Well I put my rod in the sand spike and my reel just fell off, anyone have a spare 6500 body assembly I can buy off them or know how to fix this? I don't really want to pay penn 60 bucks to fix it when I can do it myself. Thanks in advance!


----------



## Scouticus (Jul 23, 2015)

Wow I've never seen that before, that would ruin my day for sure. Hope the repairs go well.


----------



## Turntwo62 (Mar 18, 2017)

http://www.ereplacementparts.com/pe...inning-reel-parts-c-186082_186231_289487.html

15$ from ereplacementparts.com


----------



## AndyS (Nov 22, 2011)




----------



## Ocean Master (May 20, 2008)

I might have one. Ill let you know today. If not i can get one at a discount.

A new body is $9.20. I dont know where you got $60.00.

Keith


----------



## Ocean Master (May 20, 2008)

I have a 4500 and 8500 body. No 6500. I can add it to my cart at Penn parts and have it here in 3 days after ordering.


----------



## ChileRelleno (Jul 7, 2012)

Keith has you covered, I'd have him take care of it.

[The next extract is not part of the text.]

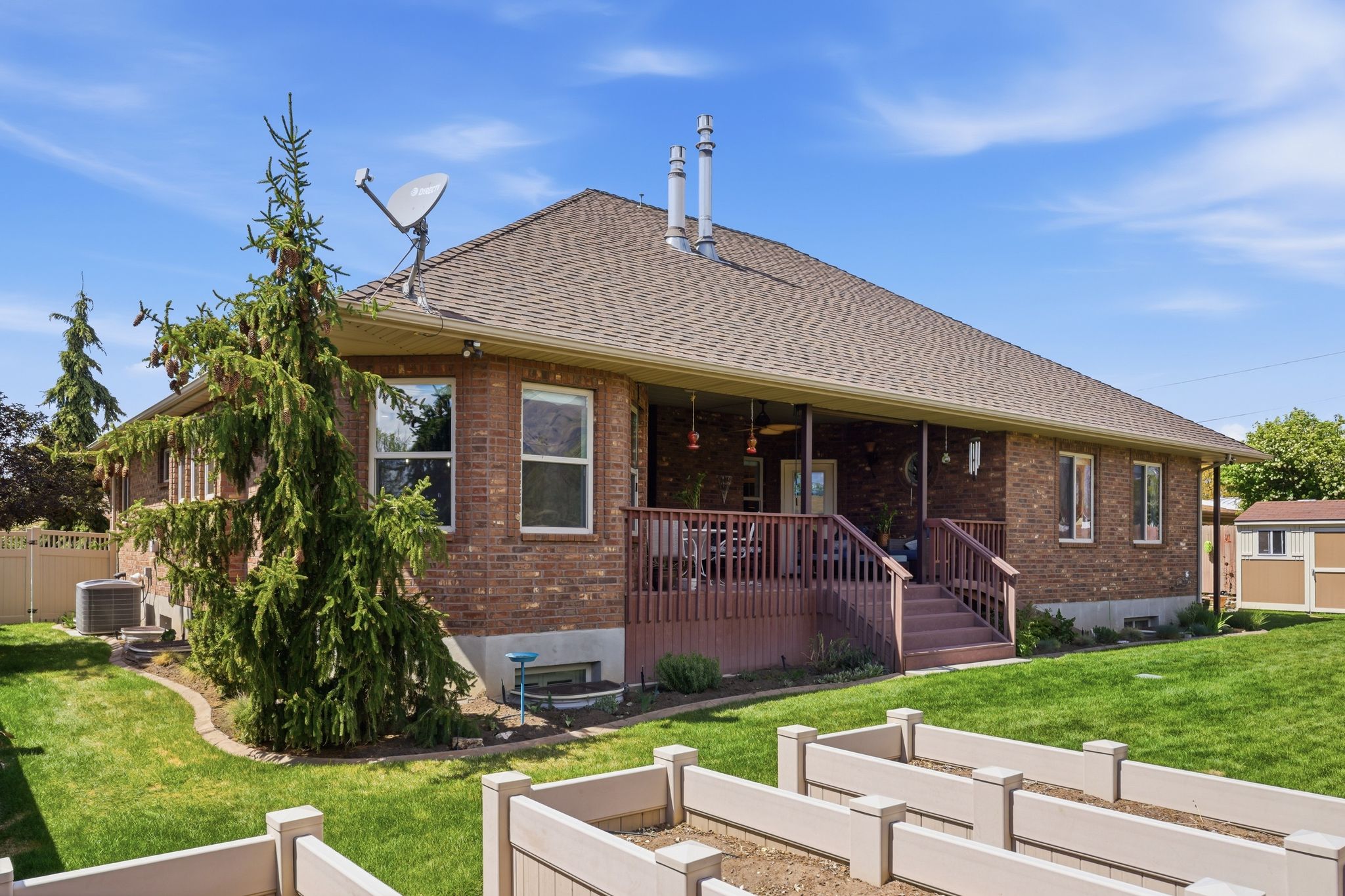 View of front of property with brick siding, a shingled roof, and a ceiling fan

I was just gonna say, if ya order it yourself, make sure you get the correct one.
.293 pin for a 5/16" crosswind gear
$16. at PennParts.com
https://store.scottsbt.com/1-SSV6500BLS-Housing-516-Crosswind-Post-MEASURE-P28870.aspx


----------



## bwise (Apr 8, 2012)

Ocean Master if you could do that, that would be awesome! I was looking at ereplacementparts and found it on there but I will take one for $10 and it will get here sooner.


----------



## Ocean Master (May 20, 2008)

They show 7 to 10 before shipping. That means they have to order the part. I have it on the way. $9.20 total cost. No shipping charges.

Keith


----------



## bwise (Apr 8, 2012)

Thanks so much sir!


----------



## Diggety (Dec 31, 2016)

I've never seen anything like that. Aside from Sasquatch stomping on it what could cause that to happen?


----------



## Ocean Master (May 20, 2008)

I have the new body in hand. Plus any other parts needed to make the swap if the old body is different.

Keith


----------



## bwise (Apr 8, 2012)

pm sent


----------



## bwise (Apr 8, 2012)

Went to Keiths house to get the part and he had the new body and had to put a new crosswind gear in and everything was done in under 30 mins. Props to you Keith, thanks sir it is much appreciated!


----------



## NoMoSurf (Oct 2, 2007)

Keith is the MAN!


----------